Это всё было в детстве. А теперь, думается, имеет смысл взглянуть на главное творение Даниеля Дефо взрослыми глазами, чтобы понять всю его глубину. И чтобы также оценить, насколько это произведение осталось актуальным сегодня, спустя три века после его написания, в нашу эпоху, когда практически не осталось более на планете необжитых уголков и когда мы чувствуем себя «на необитаемом острове» не тогда вовсе, когда мы физически отрезаны от цивилизации, а тогда уже, когда мы всего-навсего лишены доступа к Интернету, телевизору и мобильной связи!
Можно ли остаться человеком вне человеческого общества?
Общеизвестно, что прототипом Робинзона Крузо послужил реальный человек - шотландский моряк Александр Селькирк, оказавшийся один-одинёшенек на одном из островов Хуан-Фернандес в Тихом океане (ныне они принадлежат Чили и носят названия Александр-Селькирк и Робинзон-Крузо). История Селькирка сразу была обстоятельно освещена в британской печати - она заинтересовала Дефо, и он на её основе создал художественное произведение. Только героя своего он «переместил» из Тихого океана в Атлантический, куда-то к устью Ориноко, и дал ему - есть такая версия - фамилию своего товарища юности по учёбе в протестантской семинарии.

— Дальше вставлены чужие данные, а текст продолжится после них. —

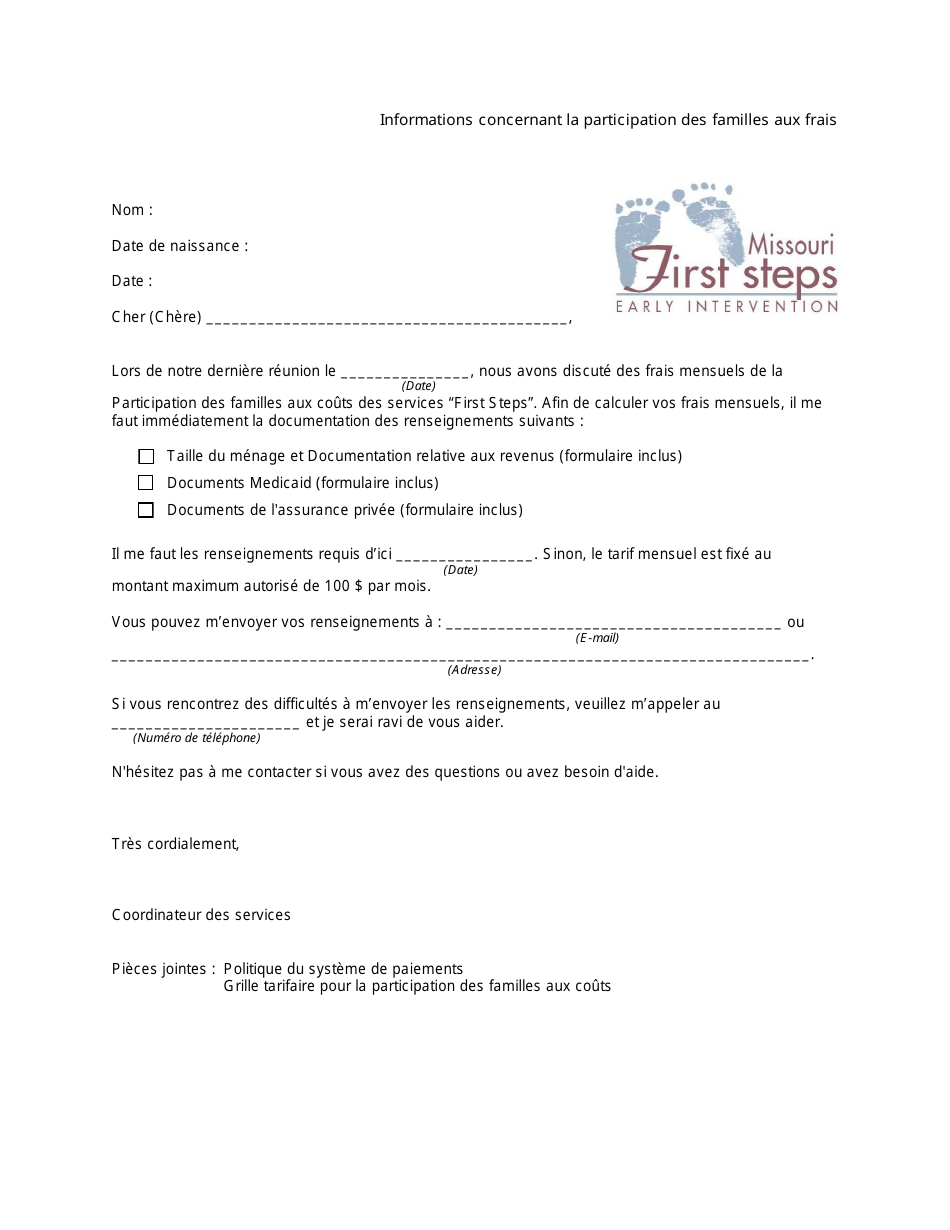 Family Cost Participation Information Letter - Missouri (French), Page 1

А. Селькирк пробыл на необитаемом острове гораздо меньше, чем Робинзон Крузо, - всего 41/3 года. В наше время проводились эксперименты с добровольцами, и те обычно выдерживали в роли робинзонов всего несколько недель. Зачастую их приходилось снимать с острова в крайне тяжёлом физическом и психологическом состоянии, с большой потерей веса - с опасным для здоровья истощением организма.
Оттого история, изложенная в романе, представляется нам недостоверной, нереалистичной, невозможной. Но писательским кредо Дефо и было «выдумывать достовернее правды»! М. и Д. Урновы в предисловии к томику Дефо из капитальной 200-томной серии «Библиотека всемирной литературы» [т. 52; М.: «Художественная литература», 1974] отмечают: «Автор "Робинзона" был мастером правдоподобной выдумки [а как писатель описывал морские приключения, ни разу не путешествовав дальше Лиссабона! - Д. К.]. Он умел соблюдать то, что уже в позднейшие времена стали называть "логикой действия" - убедительность поведения героев в обстоятельствах вымышленных или предполагаемых». История жизни Робинзона Крузо на необитаемом острове - это «правдивая ложь» с её особым реализмом.
Поэтому её можно рассматривать как своего рода мысленный эксперимент, причём вопрос в нём ставится даже не о том, способен ли человек в обстоятельствах необитаемого острова выжить физически, выжить как биологическое существо, а о том, может ли человек сохраниться именно как человек, как существо социальное.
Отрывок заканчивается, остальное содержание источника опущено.